Aktuell kristallisieren sich dabei die gitterbasierten Verschlüsselungsverfahren als erfolgversprechendste Lösung heraus, weil sie in restlos allen Funktionen anwendbar sind, welche in IT-Systemen ablaufen. Dabei sieht das Wirkprinzip folgendermaßen aus: Gitter enthalten diverse Kreuzungspunkte von Linien. Wenn man die Koordinaten eines Punktes kennt, der außerhalb des Gitters liegt, besteht die rechnerische Möglichkeit, diesen dem nächstgelegenen Gitterpunkt zuzuordnen. Bei zwei- oder dreidimensionalen Gittern ist das sogar relativ einfach. Für Verschlüsselungszwecke werden allerdings Gitter verwendet, die 500 oder mehr Dimensionen aufweisen, wodurch die Punktpaarbildung extrem aufwendig ausfällt.
Besser jetzt schon vorsichtig sein
Erste praktische Tests der hierauf beruhenden Post-Quanten-Codes gab es bereits – unter anderem durchgeführt von Google. Parallel hierzu bemühten sich weitere Kryptologen, alle theoretischen Möglichkeiten der Entschlüsselung solcher Codes in Betracht zu ziehen und präventiv auszuschließen. Dennoch bleiben aber zwei große Unsicherheitsfaktoren.
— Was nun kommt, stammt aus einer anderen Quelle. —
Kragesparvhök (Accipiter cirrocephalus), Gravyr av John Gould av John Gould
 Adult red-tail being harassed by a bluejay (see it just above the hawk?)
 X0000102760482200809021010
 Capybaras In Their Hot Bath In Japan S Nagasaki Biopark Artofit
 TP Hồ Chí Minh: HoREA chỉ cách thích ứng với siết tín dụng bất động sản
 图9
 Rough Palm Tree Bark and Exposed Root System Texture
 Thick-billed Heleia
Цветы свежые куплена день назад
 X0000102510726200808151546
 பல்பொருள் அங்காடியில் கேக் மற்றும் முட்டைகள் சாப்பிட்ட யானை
Der erste ist die Zeitspanne bis zur allgemeinen flächendeckenden Einführung der neuen Verschlüsselungssysteme in der gesamten Welt des Internets sowie in der vorhandenen Zugangshardware. „Wir wissen, wie es geht; es ist nur nicht klar, ob wir es rechtzeitig schaffen werden“, bekannte der prominente Quantencomputer-Pionier Peter Shor vom Massachusetts Institute of Technology (MIT). Und dann besteht auch die Möglichkeit, dass gänzlich neue Quantenalgorithmen die innovativen Post-Quanten-Verschlüsselungen dann doch wieder aushebeln – es somit also zu einer Runde Zwei im Wettrennen zwischen Code-Entwicklern und potentiellen Code-Knackern kommt.
Man sollte sich bereits jetzt Gedanken darüber machen, welche Daten und Informationen, die momentan noch sicher verschlüsselt dem Internet anvertraut werden können, auch in fünf bis 20 Jahren niemanden etwas angehen. Und dann eben schon in der Gegenwart die entsprechende Vorsicht walten lassen.